Chapter 4, which takes into consideration Somerville and Ross’s early travel writing, is perhaps the least lucid in the study. Jamison argues for an impact of the duo’s collaborative perspective on their thinking about Ireland in their half-humorous, at-times-fictionalized travel narrative, Through Connemara in a Governess Cart (1893). Despite the restraints imposed by the demands of their editor for lightness, the two writers attempt to refashion both gender and colonial assumptions about the west of Ireland which circulated in coeval travel guides (exposed by Jamison in a digression within the chapter). Somerville and Ross’s position as both natives and tourists in Connemara, along with their Anglo-Irish identity, create a complex and sometimes ambiguous rhetoric on the Irish political situation. Filled with encounters with local people, the narrative accords special significance to three Irish women, both real and legendary, who come to debunk conventional ideas about Irish women as both temptation and threat to the male English traveller. However, though extremely promising and exciting, this chapter is at times difficult to follow as it lacks a clear and coherent thread of thought.

After Ross’s death in 1915, Somerville published another fourteen books under their popular dual signature, justifying this controversial practice by maintaining that their collaboration went on as before thanks to spiritualist communications. Predictably, critics have not taken seriously this latter half of the “collaboration,” which, as Jamison points out, has been “[m]arginalised to a private sphere of emotion” (132). In a lucid and intriguing discussion, chapter 5 delineates a fully contextualized narrative of Somerville’s spiritualist activities both before and after Ross’s death. Jamison makes it clear that Somerville’s post-Ross spiritualist practices were not “just the ravings of an agonised personal loss” (136). The chapter refers to Maurice Collis’s Somerville and Ross, a Biography (1968) for a full account of Somerville’s séances with Ross, thus avoiding unnecessary repetitions. Supporting her claims with Somerville’s diaries, notebooks, and automatic writing transcripts, Jamison highlights how Somerville’s daily occult interactions with her deceased collaborator closely resembled their communication via letters during Ross’s lifetime, ascribing this similitude to the surviving partner’s necessity to re-enact within herself “the identity-forming dialogue which was the sustenance for that self” (134).

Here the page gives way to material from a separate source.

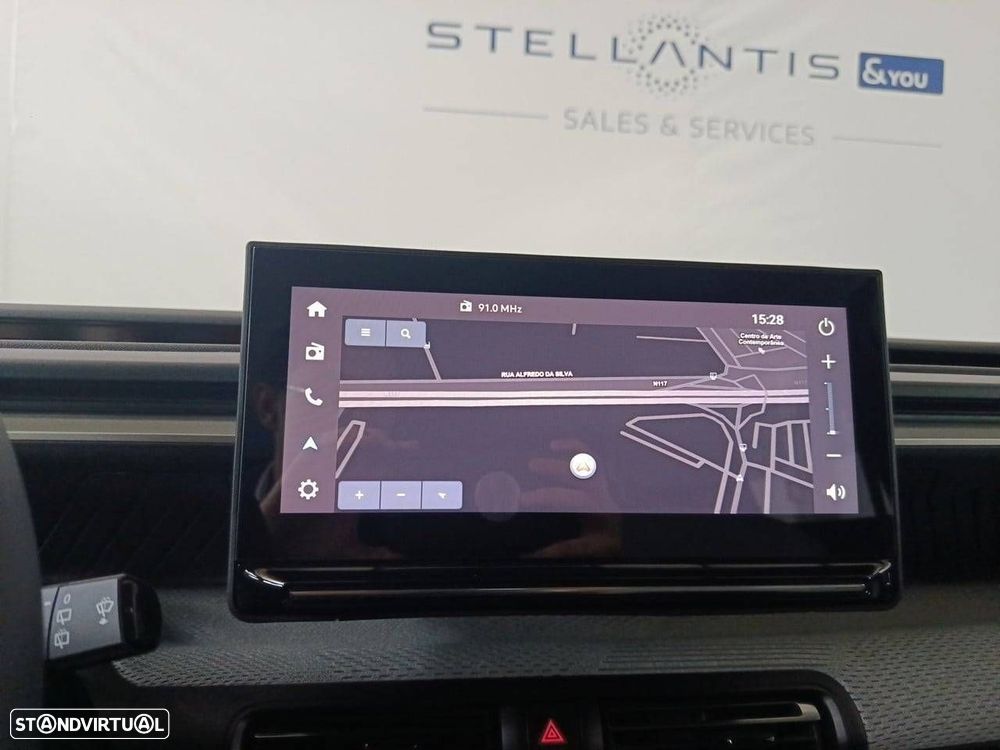 Citroën C3 1.2 Turbo Max - 22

Jamison concludes the chapter agreeing with previous critics on the fact that Somerville’s post-Ross writings rarely reach the same level of aesthetic quality, not because Somerville had no talent on her own, but because “it was the combination of their talents which made for the creative brilliance of their work” (164). However, she does not discuss any of Somerville’s post-Ross fictional texts, which would have been a useful inclusion and would have provided more evidence for her assertions.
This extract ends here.